Nilai tersebut terbilang masih sangat minim atau tak sampai 1% jika dibandingkan dengan target potensi nilai kredit karbon di Indonesia yang bisa mencapai Rp3.000 triliun.
"Saat ini transaksi Bursa Karbon Indonesia telah diperdagangkan dengan nilai lebih dari Rp37 miliar," uja Direktur Utama BEI Iman Rachman disela acara Peringatan Satu Tahun Bursa Karbon di Jakarta, Kamis (3/10/2024).
Total transaksi itu tercatat usai jumlah Sertifikat Pengurangan Emisi Gas Rumah Kaca (SPE-GRK) atau kredit karbon yang diperdagangkan sebesar 613.894 ton CO2 ekuivalen, dengan pengguna jasa sebanyak 81.

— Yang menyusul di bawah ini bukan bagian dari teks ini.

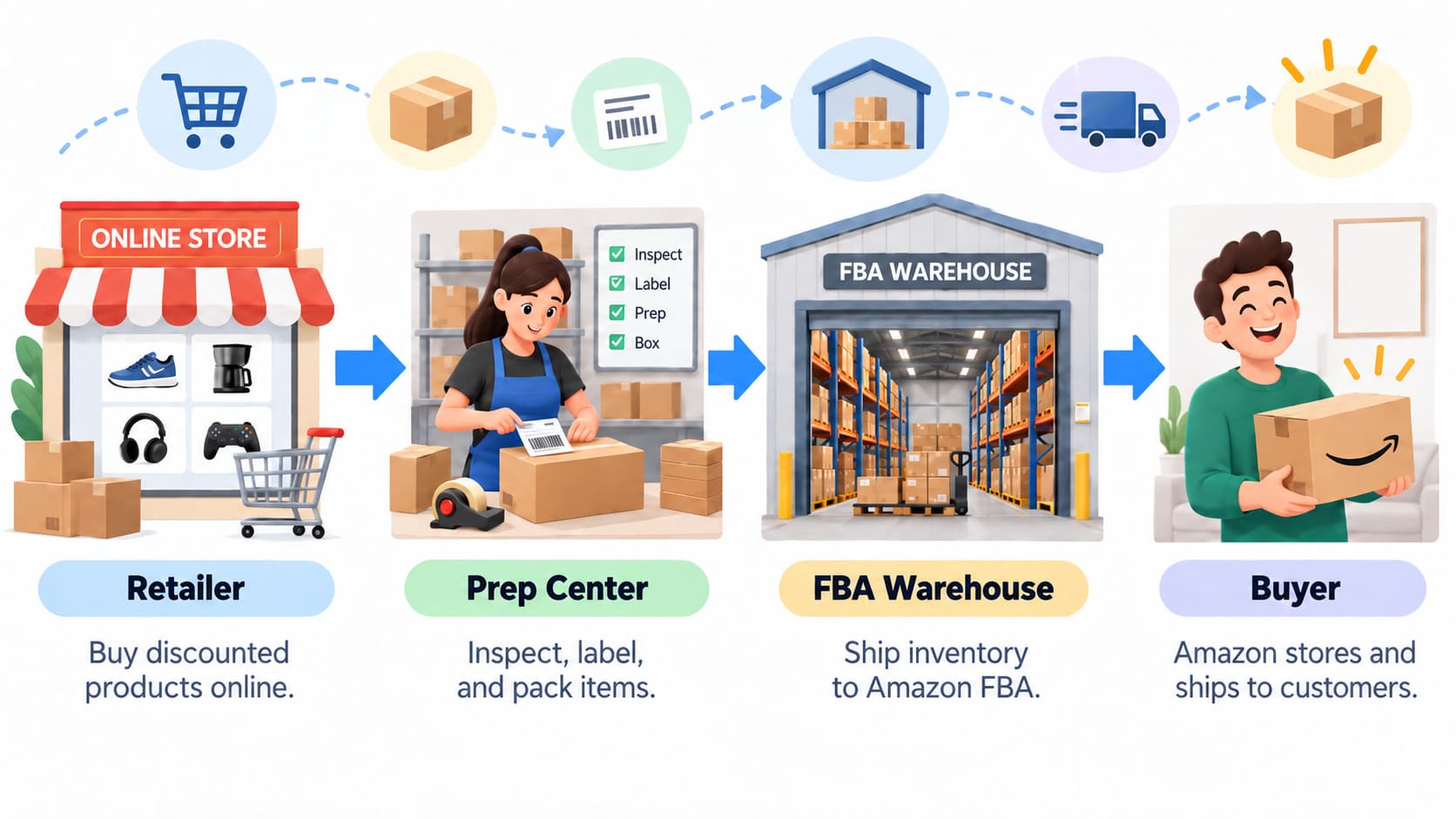 Amazon’da çevrimiçi arbitraj nasıl işliyor: perakendeci, hazırlık merkezi, FBA deposu, alıcı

Dari 613.894 ton yang diperdagangkan itu, ada lebih dari 420,150 ton unit karbon telah digunakan sebagai offset melalui proses retirement, yang berasal dari 3 proyek SPE-GRK.
Secara terperinci, ketiga proyek itu yakni Lahendong Unit 5 & 6 PT Pertamina Geothermal Energy Tbk, Pembangkit Listrik Baru Berbahan Bakar Gas Bumi PLTGU Blok 3 PJB Muara Karang milik PLN, dan Pembangkit Listrik Tenaga Air Minihidro (PLTM) Gunung Wugul.
"Kalau pun sekarang itu masih cetek, ya tentunya kita mesti sadari ya memang baru satu tahun gitu kan. Tetapi hal-hal lain yang perlu kita perbaiki ya harus kita perbaiki," tutur Inarno.